With a reputation as one of the heaviest surfing waves in the world, taking photographs at The Right is a special experience, according to Perth-based photographer Trent Slatter.

Located on the south coast, near Walpole, the infamous break requires a large swell to function, but when it does, it produces barrels rarely seen in Australia.

It has played host to some of the world’s top big-wave surfers and photographers since its discovery 10 years ago.

Slatter, who has made the journey south nine times already this year, said he preferred to let his photos do the talking when discussing The Right.

“It’s hard to describe; 20-25ft, top to bottom, empty barrels — it’s not normal,” he said

“She’s a wild beast; it’s so unpredictable, so sharky, it’s never sunny and always rainy.

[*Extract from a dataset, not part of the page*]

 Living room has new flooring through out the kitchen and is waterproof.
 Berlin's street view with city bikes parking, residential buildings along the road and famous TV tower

“It’s probably the biggest right-hand barrel in the world. That’s coming from some elite surfers and they’re saying it’s one of the heaviest in the world.”

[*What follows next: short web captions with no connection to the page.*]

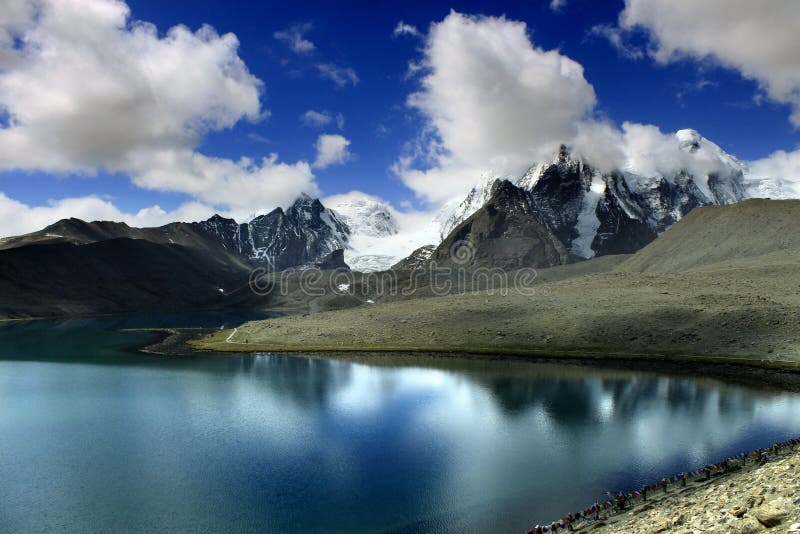 Gurudongmar Lake Buddhist Flag flutters in GuruDongmar Lake.JPG Buddhist Holy Lake -Gurudongmar Lake Location	North Sikkim, India Coordinates	28.02°N 88.71°ECoordinates: 28.02°N 88.71°E Basin countries	Sikkim, India Surface area	118 hectares 290 acres Shore length1	5.34 kilometres 3.32 mi Surface elevation	17,004 ft 5,183 m Settlements Mangan, North Sikkim 122 km. Lachen, North Sikkim 67 km. 1 Shore length is not a well-defined measure. Gurudongmar in May. Gurudongmar Lake in Sikkim. Gurudongmar Lake is one of the highest lakes in the world and in India, located at an altitude of 17,800 ft 5,430 m in the Indian state of Sikkim. Gurudongmar Lake Buddhist Flag flutters in GuruDongmar Lake.JPG Buddhist Holy Lake -Gurudongmar Lake Location	North Sikkim, India Coordinates	28.02°N 88.71°ECoordinates: 28.02°N 88.71°E Basin countries	Sikkim, India Surface area	118 hectares 290 acres Shore length1	5.34 kilometres 3.32 mi Surface elevation	17,004 ft 5,183 m Settlements Mangan, North Sikkim 122 km. Lachen, North Sikkim 67 km. 1 Shore length is not a well-defined measure. Gurudongmar in May. Gurudongmar Lake in Sikkim. Gurudongmar Lake is one of the highest lakes in the world and in India, located at an altitude of 17,800 ft 5,430 m in the Indian state of Sikkim.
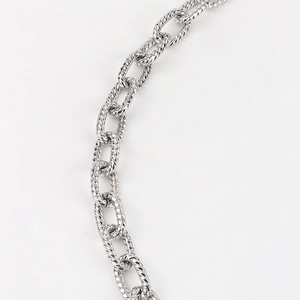 Detail view of silver hollow chain links with textured twisted rope pattern design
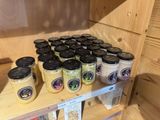 many jars of food sitting on a shelf in a store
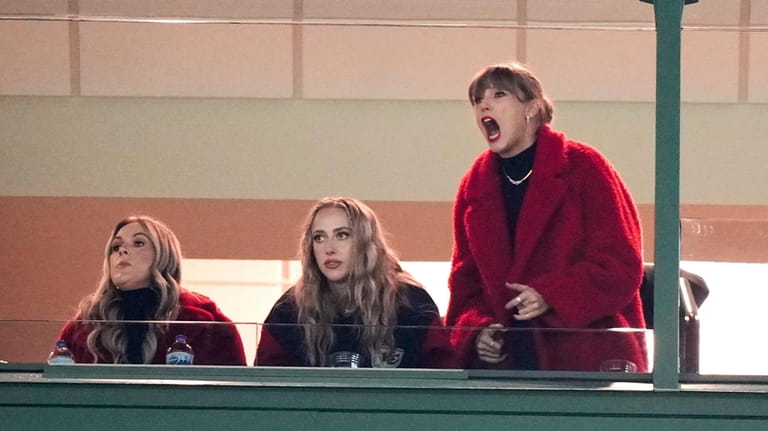 Taylor Swift, right, reacts during the second half of an...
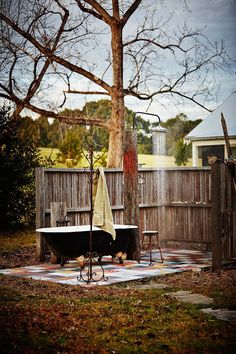 an old fashioned bathtub in the middle of a yard next to a large tree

The 38-year-old said his initial attraction to the heavy break came from a desire to overcome a fear of the ocean. “I’m really scared of the ocean, so it’s a combination of being scared and a bit of a goal of overcoming that fear,” he said

“I just can’t get enough of it — it’s on another level out there.”

Trent Slatter took this photo at the world famous The Right near Walpole.
Camera IconTrent Slatter took this photo at the world famous The Right near Walpole.

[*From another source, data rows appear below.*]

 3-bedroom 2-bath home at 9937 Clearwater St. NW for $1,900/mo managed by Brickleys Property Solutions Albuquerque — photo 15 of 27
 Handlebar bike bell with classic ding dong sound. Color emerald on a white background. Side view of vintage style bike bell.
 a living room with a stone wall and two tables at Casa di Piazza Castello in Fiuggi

Despite the fear associated with The Right, Slatter said it could be peaceful in its own right.

“There’s a lot of intimidation and pre-emptive expectations of what it may or may not be like,” he said

“You can get desensitised very easily and you can feel quite safe.

“Generally, it’s one of those places that’s a very safe and beautiful environment that’s just a freak of nature.” Slatter said photographing surfers in remote locations provided contrasting results.

“You can go from the highs of getting a wicked photo to a session where my jet ski sunk and my mate’s jet ski took in water,” he said.

“If you can come away with a clean trip where not many things go wrong, generally that’s a success in itself.”

Slatter said a permanent move to the region would be a dream come true.

“I’d love to live down in Denmark; it’s one of my all-time favourite places in the whole world,” he said.